Meddling and manipulating
by Tommy McKearney
LEARNING THAT British intelligence has well placed agents within Sinn Fein is as unsurprising as hearing about bookmakers gathering at Aintree for the Grand National.
A service that has in the past tasked its operatives to monitor the activities of Peter Mandelson and the late Robin Cook was hardly likely to neglect infiltrating the Provisional IRA and its near relatives. Predictable though the existence of informers may be, it does nevertheless, send tremors through republican circles when a previously trusted colleague is revealed as a British government agent.
There is little doubt that in the weeks following the exposure of Sinn Fein's former head of administration in Stormont as a spy, the party and its supporters were shaken.
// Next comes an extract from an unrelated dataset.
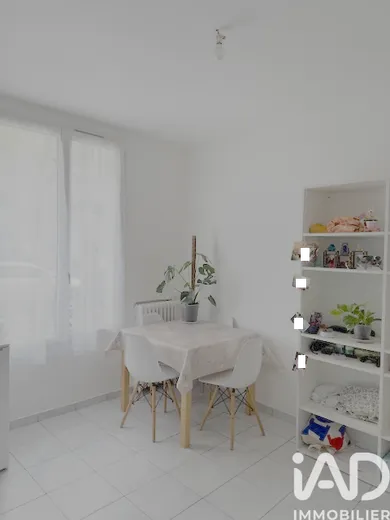 Appartement à Le Bourget (93350)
That a figure of Denis Donaldson's standing had been working as a double agent for two decades was an unnerving blow to most republicans.
Adding to their jitters was the endless rounds of speculation about other agents and their identities. While the media fuelled many of the rumours, with some newspapers actually naming certain individuals, republican circles were also awash with gossip and tittle-tattle. Few members of Sinn Fein's current leadership were left untouched by wagging tongues and the party's Dáil leader Caoimhghín Ó Caoláin, had to go so far as issue a front-page denial of spying, in his local weekly newspaper.
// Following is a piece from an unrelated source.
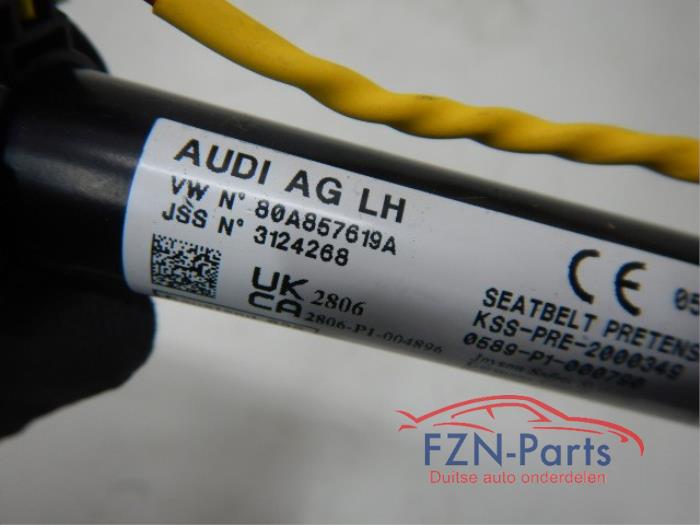 Gordelspanner Set Audi Q5 (22745419)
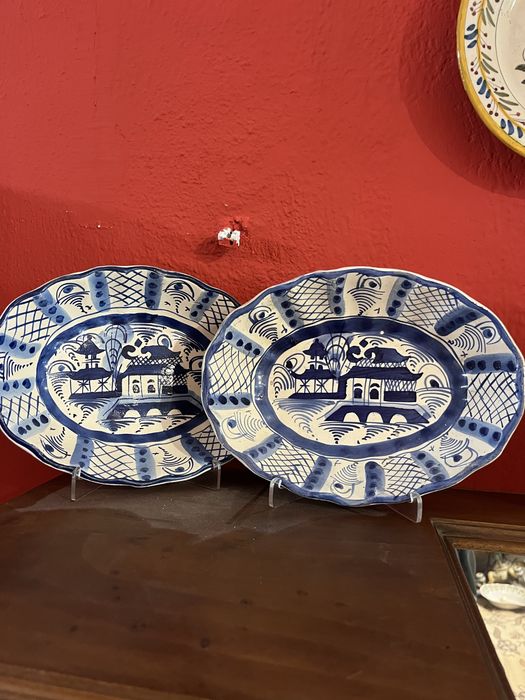 Conjunto em faiança “Miragaia”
Eventually, however, the utter absence of any tangible proof caused the hysteria to peter out; among the grassroots at least. There are still reports of prominent republicans being warned by the PSNI that the IRA suspects them of treachery. For the most part, though, Sinn Fein is currently more intent on finding a formula to allow it to support policing than uncovering other British agents within its ranks. Questions, nevertheless, remain and it is far from sure that this is the last we shall hear of the 'spies and shinners' saga.
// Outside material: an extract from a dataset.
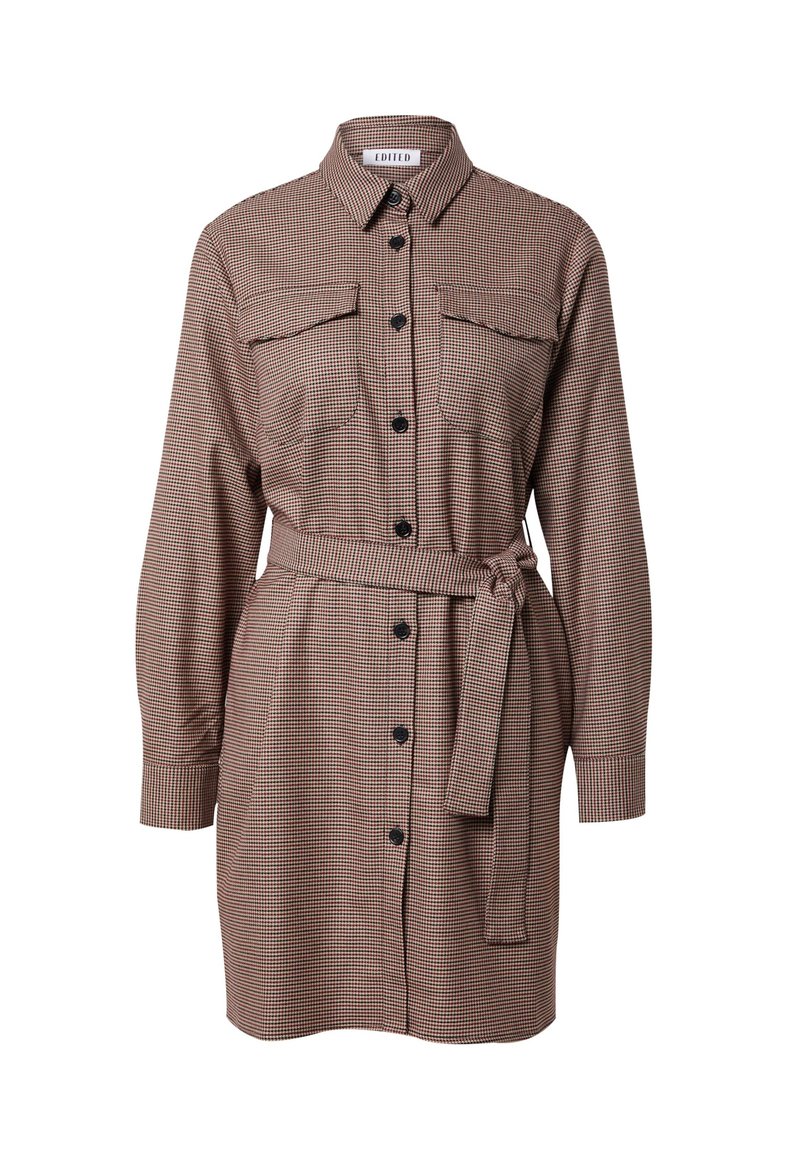 EDITED Blousejurk zwart EDITED Blousejurk zwart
One of the puzzling aspects of the story has been its source. During the press conference convened to expose Denis Donaldson's duplicity, Gerry Adams said that he believed British 'securocrats' intended to reveal their own agent's identity. This would appear to contradict all the rules of espionage if it weren't for the fact that previously, another agent called Freddie Scappaticci was effectively 'outed' by a Sunday newspaper with strong connections among the British establishment.
On the surface it appears strange that any intelligence agency would give away its human assets either carelessly or deliberately. There is a view in some quarters that this might have been done to protect still better placed agents. Yet how many agents in positions more senior than Donaldson and Scappatici, could there be? Moreover, orchestrating a drama of this nature and magnitude is certainly not the best means of helping the concealment of anything.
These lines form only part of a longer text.